Models#

Examples of config files for all the below models can be found in the <NeMo_git_root>/examples/speaker_recognition/conf directory.

For more information about the config files and how they should be structured, see the NeMo Speaker Recognition Configuration Files page.

Pretrained checkpoints for all of these models, as well as instructions on how to load them, can be found on the Checkpoints page. You can use the available checkpoints for immediate inference, or fine-tune them on your own datasets. The Checkpoints page also contains benchmark results for the available speaker recognition models.

TitaNet#

TitaNet model [SR-MODELS4] is based on the ContextNet architecture [SR-MODELS2] for extracting speaker representations. We employ 1D depth-wise separable convolutions with Squeeze-and-Excitation (SE) layers with global context followed by channel attention based statistics pooling layer to map variable-length utterances to a fixed-length embedding (tvector). TitaNet is a scalable architecture and achieves state-of-the-art performance on speaker verification and diarization tasks.

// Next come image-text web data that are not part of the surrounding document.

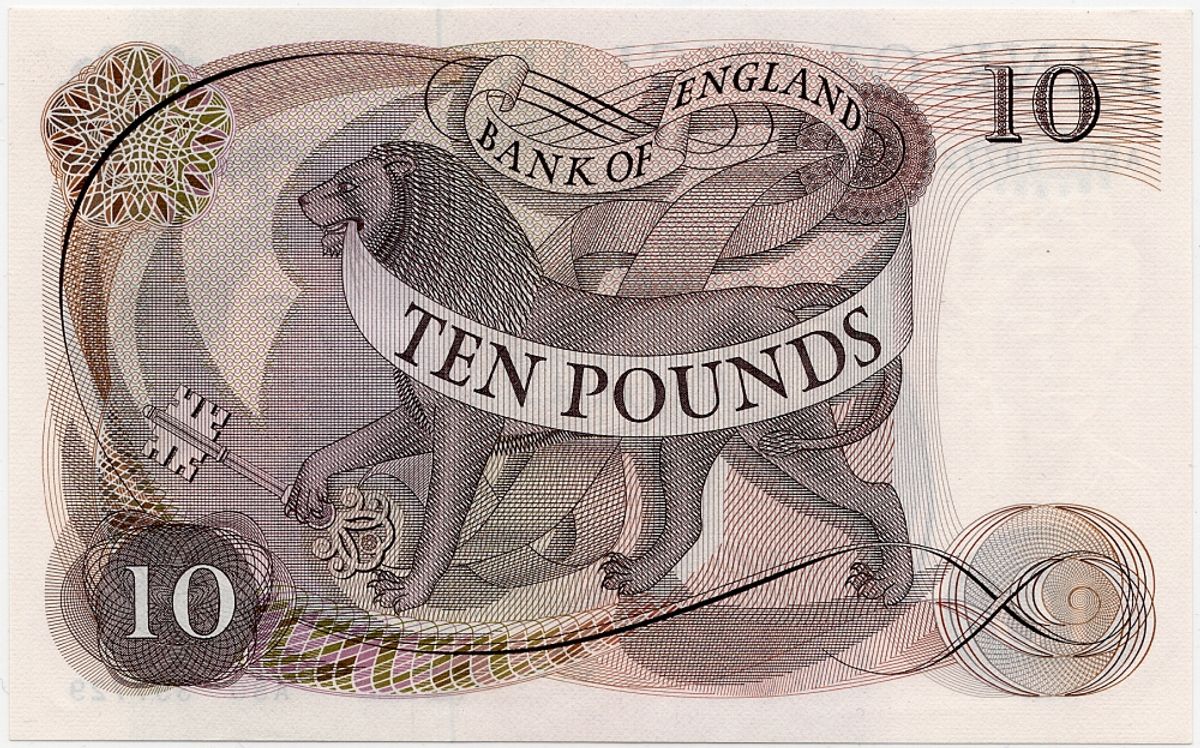 Storbritannia, 10 pounds 1966-1970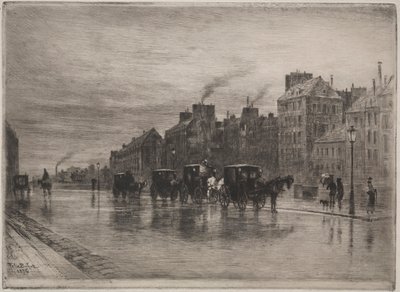 1876年，在Quai de LHotel-Dieu上的一个冬季早晨。 作者 菲利克斯·希拉勒·布霍特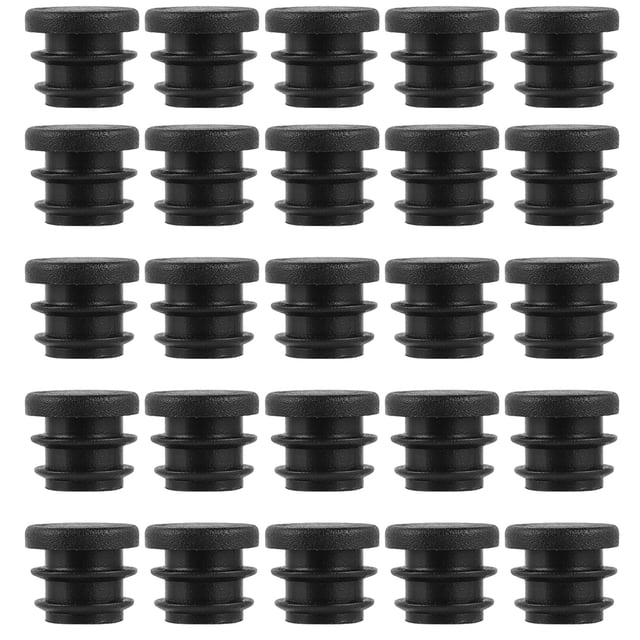 200pcs Round Plastic Cover Furniture Leg Plug Blanking End Caps Tube Bung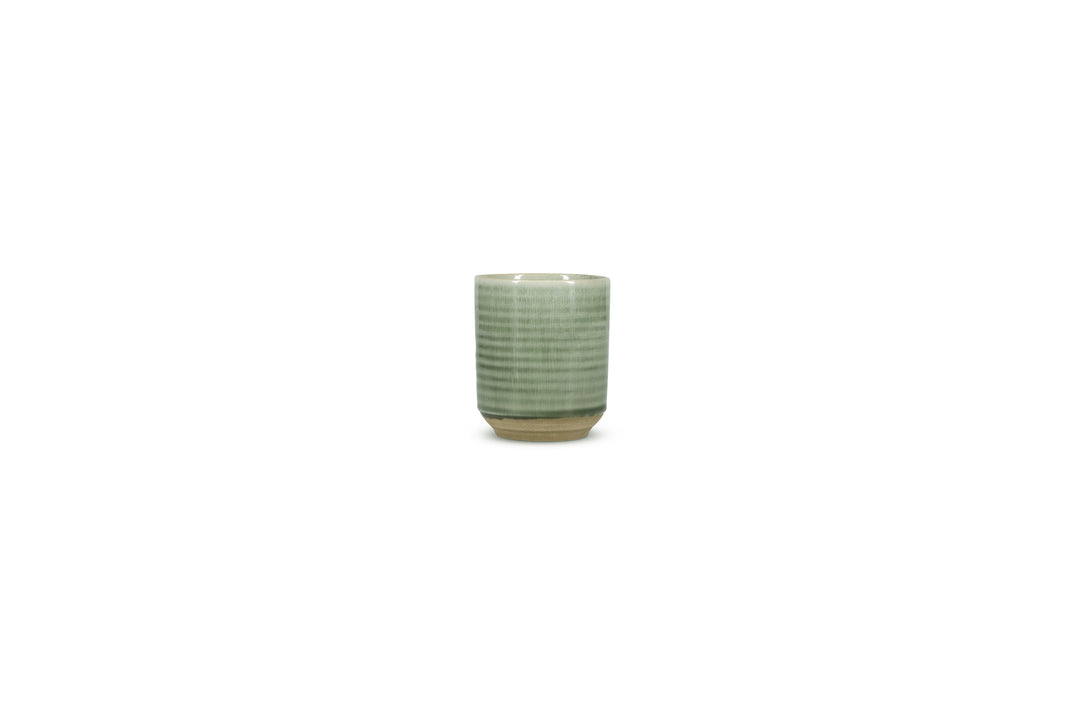 Beker 37cl groen Cameo - Set van 4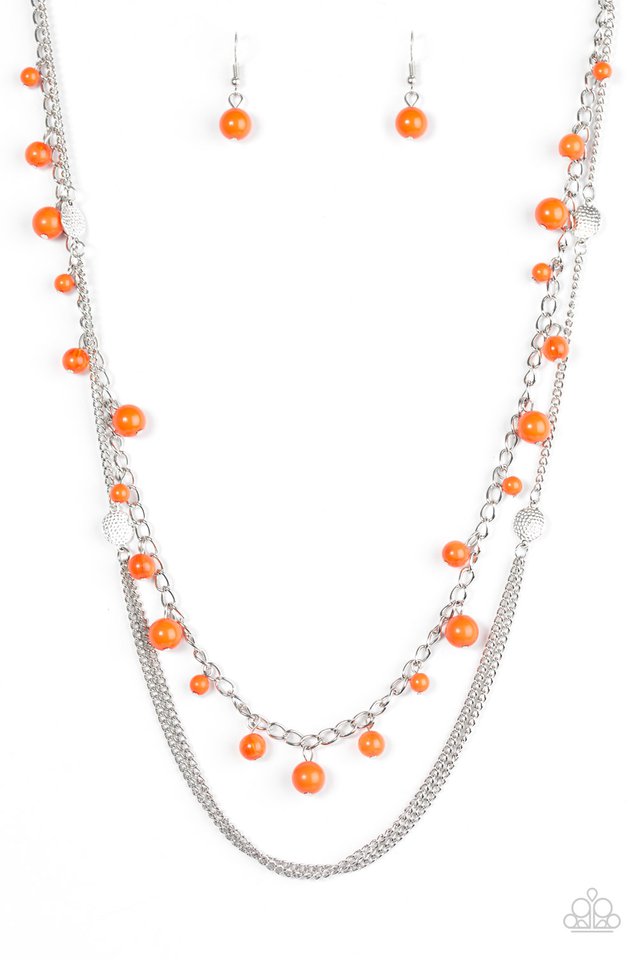 Color Spree Orange Necklace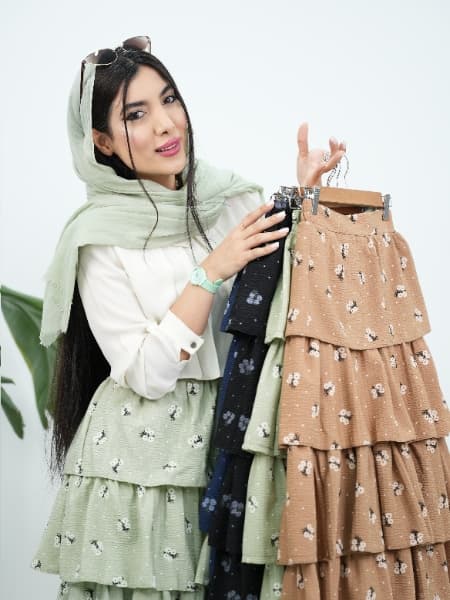 دامن گل گچی ژولیان کد6186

SpeakerNet models can be instantiated using the EncDecSpeakerLabelModel class.

SpeakerNet#

The model is based on the QuartzNet ASR architecture [SR-MODELS3] comprising of an encoder and decoder structure. We use the encoder of the QuartzNet model as a top-level feature extractor, and feed the output to the statistics pooling layer, where we compute the mean and variance across channel dimensions to capture the time-independent utterance-level speaker features.

The QuartzNet encoder used for speaker embeddings shown in figure below has the following structure: a QuartzNet BxR model has B blocks, each with R sub-blocks. Each sub-block applies the following operations: a 1D convolution, batch norm, ReLU, and dropout. All sub-blocks in a block have the same number of output channels. These blocks are connected with residual connections. We use QuartzNet with 3 blocks, 2 sub-blocks, and 512 channels, as the Encoder for Speaker Embeddings. All conv layers have stride 1 and dilation 1.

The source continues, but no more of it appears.